2. Load privilege is required. Auto Table Creation Sync also needs Create privilege when auto-creating downstream tables on first run.
3. Available since Doris 4.1.0.
### Prerequisites
Before submitting a Streaming Job, Binlog must be enabled on the MySQL side and the user must be granted the corresponding REPLICATION privileges. For environment-specific setup steps, see:
- [Amazon RDS MySQL Setup Guide](../import-way/streaming-job/prerequisites/amazon-rds-mysql.md)

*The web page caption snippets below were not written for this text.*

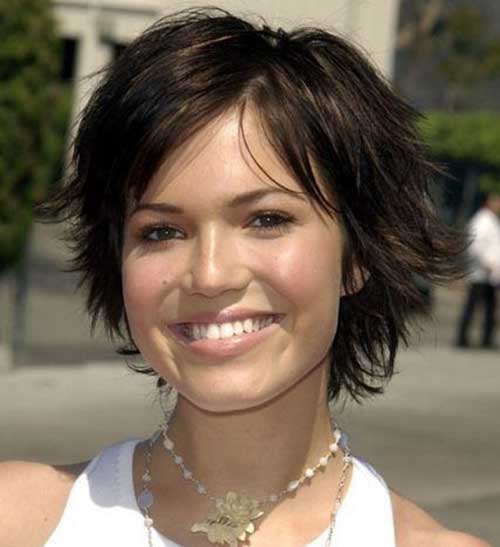  Short Haircuts for Round Faces-12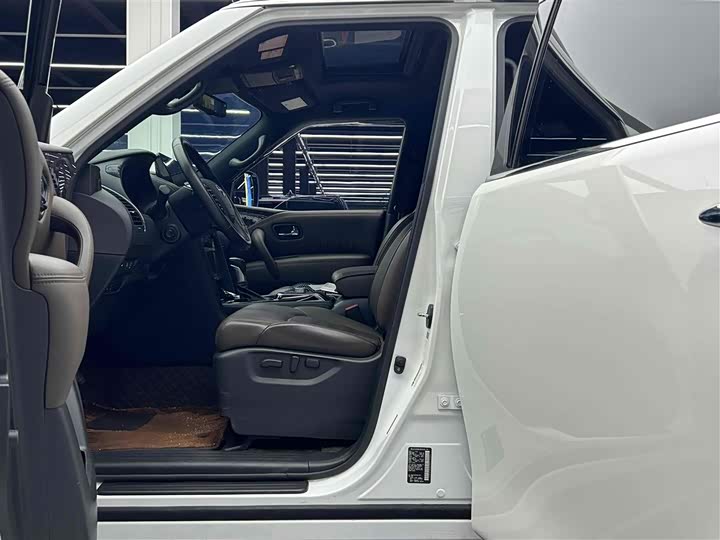 Фото 6 - Nissan Armada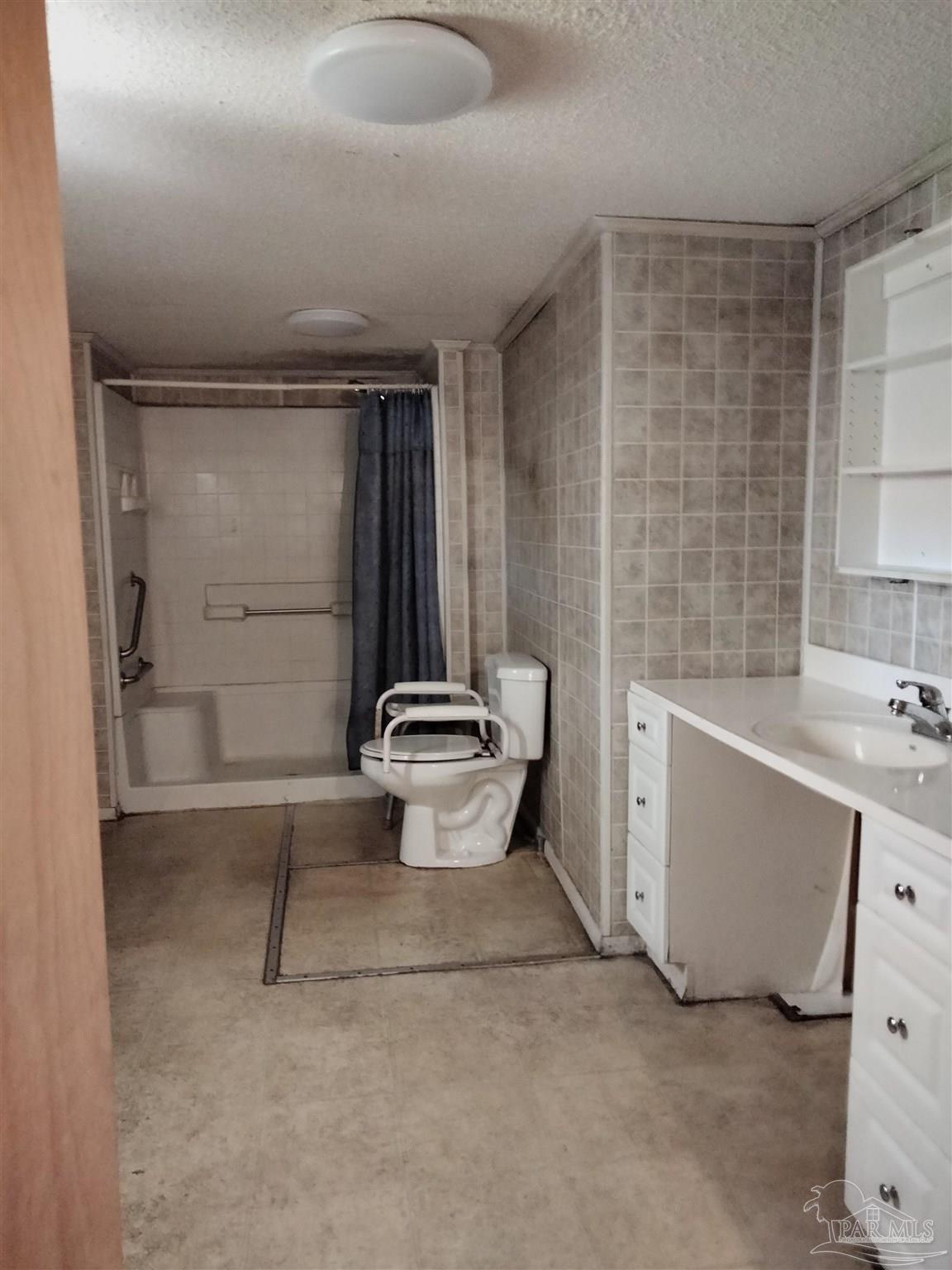 1308 Dog Track Road Pensacola, FL 32506 - Photo 3 of 12 Gallery Image 3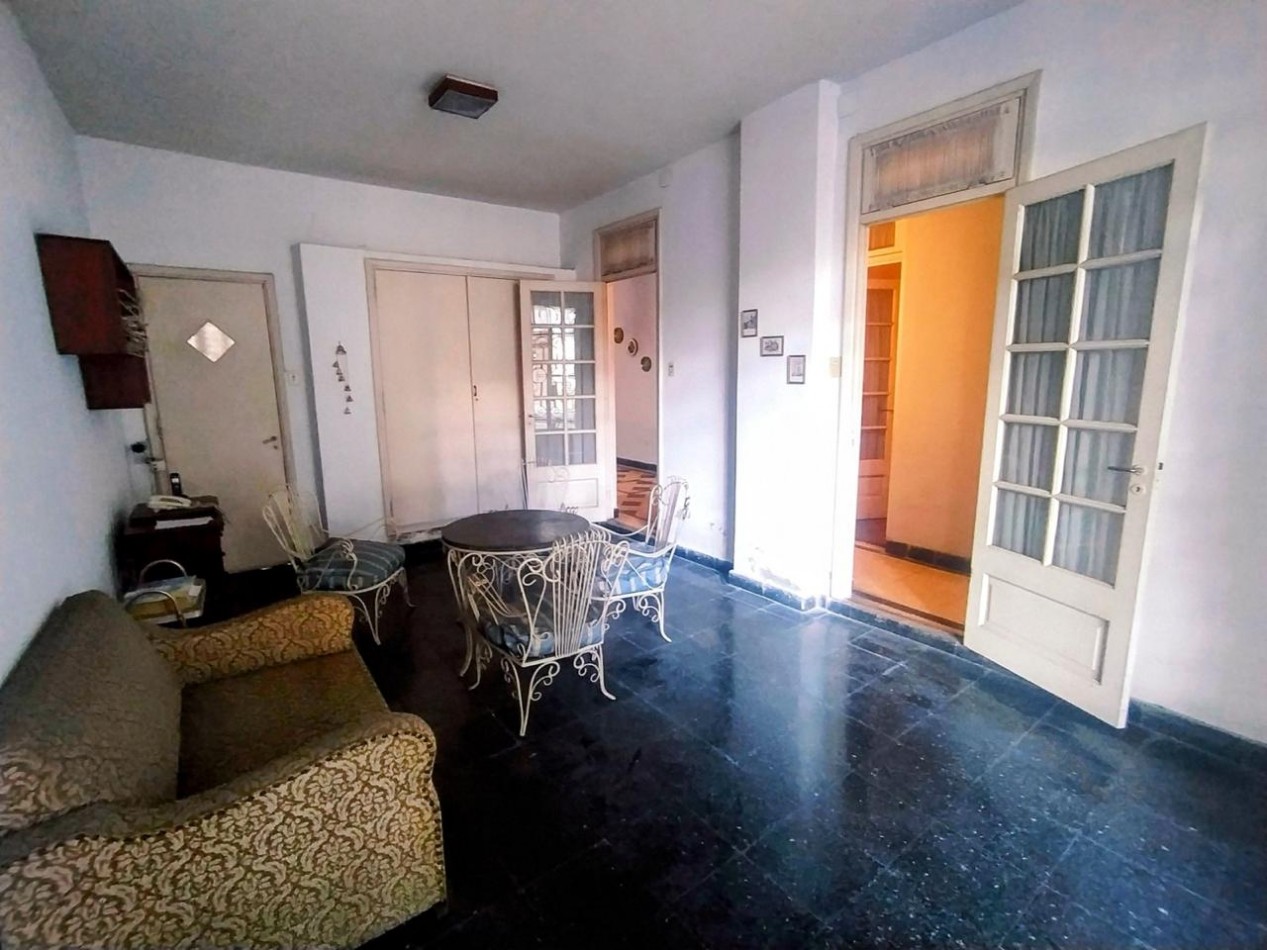 Jose Ingenieros 800, casa de frente, cochera, 1 dormitorio, patio.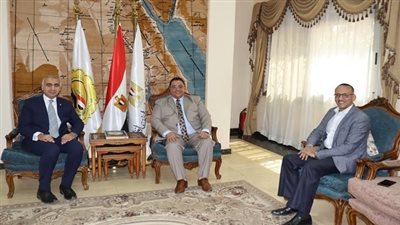 أخبار التعليم | مدير معهد إعداد القادة يستقبل عميد كلية الصيدلة جامعة الفيوم لبحث سبل التعاون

- [Amazon Aurora MySQL Setup Guide](../import-way/streaming-job/prerequisites/amazon-aurora-mysql.md)
- See [Continuous Load Overview](../import-way/streaming-job/continuous-load-overview.md) for notes and required permissions of each mode.
### Operation Example: Auto Table Creation Sync
Auto Table Creation Sync uses the `FROM MYSQL ... TO DATABASE ...` syntax. The target is a Doris database, and the downstream tables are automatically created on first sync.
#### Step 1: Prepare data in MySQL
```sql
CREATE TABLE test.students (
id INT PRIMARY KEY,
name VARCHAR(64),
age INT
);
INSERT INTO test.students VALUES (1, 'Emily', 25), (2, 'Bob', 30);
```
#### Step 2: Create the target database in Doris
Auto Table Creation Sync **does not require pre-creating tables**, but the target database that hosts them must exist:
```sql
CREATE DATABASE IF NOT EXISTS doris_db;
```
#### Step 3: Create a Streaming Job
The example below uses `include_tables` to sync only the `students` table (multiple tables can be comma-separated; leave empty to sync the whole database):
```sql
CREATE JOB mysql_db_sync
ON STREAMING
FROM MYSQL (
"jdbc_url" = "jdbc:mysql://127.0.0.1:3306",
"driver_url" = "mysql-connector-java-8.0.25.jar",
"driver_class" = "com.mysql.cj.jdbc.Driver",
"user" = "root",
"password" = "123456",
"database" = "test",
"include_tables" = "students",
"offset" = "initial"
)
TO DATABASE doris_db (
"table.create.properties.replication_num" = "1" -- set to 1 in single-BE deployments
);
```
#### Step 4: Check job status
```sql
SELECT * FROM jobs("type"="insert") WHERE ExecuteType = "STREAMING";
```
#### Step 5: Inspect auto-created Doris tables and loaded data
```sql
SHOW TABLES FROM doris_db;
SELECT * FROM doris_db.students;
```
For more common operations and full parameter reference, see [MySQL CDC with Auto Table Creation](../import-way/streaming-job/continuous-load-mysql-database.md).
### Operation Example: SQL Mapping Sync
#### Step 1: Prepare data in MySQL
```sql
CREATE TABLE test.students (
id INT PRIMARY KEY,
name VARCHAR(64),
age INT
);
INSERT INTO test.students VALUES (1, 'Emily', 25), (2, 'Bob', 30);
```
#### Step 2: Create the target table in Doris
SQL Mapping Sync requires the target table to exist beforehand:
```sql
CREATE DATABASE IF NOT EXISTS doris_db;
CREATE TABLE doris_db.students (
id INT,
name VARCHAR(64),
age INT
)
UNIQUE KEY(id)
DISTRIBUTED BY HASH(id) BUCKETS 1
PROPERTIES ("replication_num" = "1");
```
#### Step 3: Create a Streaming Job
Use [CREATE STREAMING JOB](../../../sql-manual/sql-statements/job/CREATE-STREAMING-JOB.md) with the `INSERT INTO ... SELECT * FROM cdc_stream(...)` syntax:
```sql
CREATE JOB mysql_students_sync
ON STREAMING
DO
INSERT INTO doris_db.students
SELECT * FROM cdc_stream(
"type" = "mysql",
"jdbc_url" = "jdbc:mysql://127.0.0.1:3306",
"driver_url" = "mysql-connector-java-8.0.25.jar",
"driver_class" = "com.mysql.cj.jdbc.Driver",
"user" = "root",
"password" = "123456",
"database" = "test",
"table" = "students",
"offset" = "initial"
);
```
#### Step 4: Check job status
```sql
SELECT * FROM jobs("type"="insert") WHERE ExecuteType = "STREAMING";
```
#### Step 5: Verify loaded data
```sql
SELECT * FROM doris_db.students;
```
For more common operations (pause, resume, delete, check task, etc.) and full parameter reference, see [MySQL CDC with SQL Mapping](../import-way/streaming-job/continuous-load-mysql-table.md).